How much overhead is associated with switching Shaders? My skysphere renderer is using one Shader for sky, one for planets, and one for planet rings. Will switching between these (as little as possible, mind you) incur a great deal of overhead and, more importantly, do I have to set up Projection and Camera matrices again after changing Shaders?

V-man

03-16-2004, 06:54 PM

If I multiply a vector by a matrix, will GLSL treat it as the same operation as multiplying a matrix by a vector? Or does it not care about premultiplication and postmultiplication?

Just to be clear

vector * matrix != matrix * vector

If this is the case with D3D, then it's broken.

For transforming the vertex into clipspace, you do

gl_Position = gl_ModelViewProjectionMatrix * gl_Vertex;

There is some significant overhead. If you can avoid redundent switches by reordering how you render, it would be better.

Projection and Modelview (Camera?) are uniforms and they belong to the state engine.

They don't change unless you change them.

Changing shaders or anything else doesn't change them.

Descenterace

03-16-2004, 11:46 PM

I don't think D3D Shaders let you choose which order you multiply in anyway. I haven't used the DirectX HLSL. DX Shader Assembly has an m4x4 instruction, which only allows you to multiply vector * matrix. And this has just answered my eternal question: why do DirectX Shaders need the Inverse Transpose Model-View-Projection matrix...

Answer: DirectX Shader handling is broken.

Corrail

03-17-2004, 06:24 AM

Originally posted by Descenterace:

...why do DirectX Shaders need the Inverse Transpose Model-View-Projection matrix...

Because tranforming normals can cause problems if you multiply a normal with the Model-View Matrix:

For example take the matrix:

(1 0 0 0)

(0 2 0 0)

(0 0 2 0)

(0 0 0 1)

if you multiply a normal with that matrix the normal isn't correct transformed.
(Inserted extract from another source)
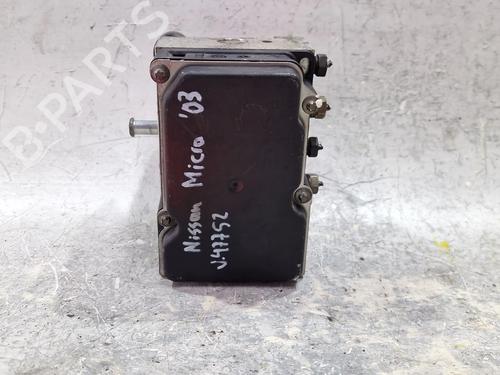 ABS pump NISSAN MICRA III (K12) 1.2 16V | BP29518730M43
The inverse-transpose Model-View Matrix handels that (this matrix is also call normal matrix in GLSL).

V-man

03-17-2004, 06:40 AM

"m4x4 instruction"

They can always change the compiler so that it handles both cases. The problem is that you would need the transpose.

matrix * vector == vector * (matrix)^T

"Inverse Transpose Model-View-Projection"

This is for transforming vertices? No, they do use the mvp.

One strange thing I noticed about D3D shaders is that some people were transforming the normal with the modelview matrix and it seemed to work. I'm not sure what the explanation for that is either.

Anyway, in this forum, we pour whiskey, not orange juice.

If you want to transform your normal in GL,

//ARBvp

DP3 result.x, state.matrix.modelview.invtrans[0], normal;

DP3 result.y, state.matrix.modelview.invtrans[1], normal;

DP3 result.z, state.matrix.modelview.invtrans[2], normal;

//GLSL

result = gl_NormalMatrix * gl_Normal;

Corrail

03-17-2004, 06:45 AM

One strange thing I noticed about D3D shaders is that some people were transforming the normal with the modelview matrix and it seemed to work. I'm not sure what the explanation for that is either.

If you only use rigid body transformations (rotation and translation) than the inverse transpose model-view matrix is equal to the model view matrix:

((MV)^T)^(-1) = MV

This is only the case if you use tranformation where the elementar tranformation matrix has this property ( ((M)^T)^(-1) = M ). As said, this is true for rotation and translation matrices.

Relic

03-17-2004, 07:13 AM

>>If you only use rigid body transformations (rotation and translation) than the inverse transpose model-view matrix is equal to the model view matrix<<

Man, do read what you are writing? http://www.opengl.org/discussion_boards/ubb/wink.gif

Look, the inverse of rotational matrix is equal to its transposed matrix.

The inverse of a translation is the matrix with the negative translation coefficients.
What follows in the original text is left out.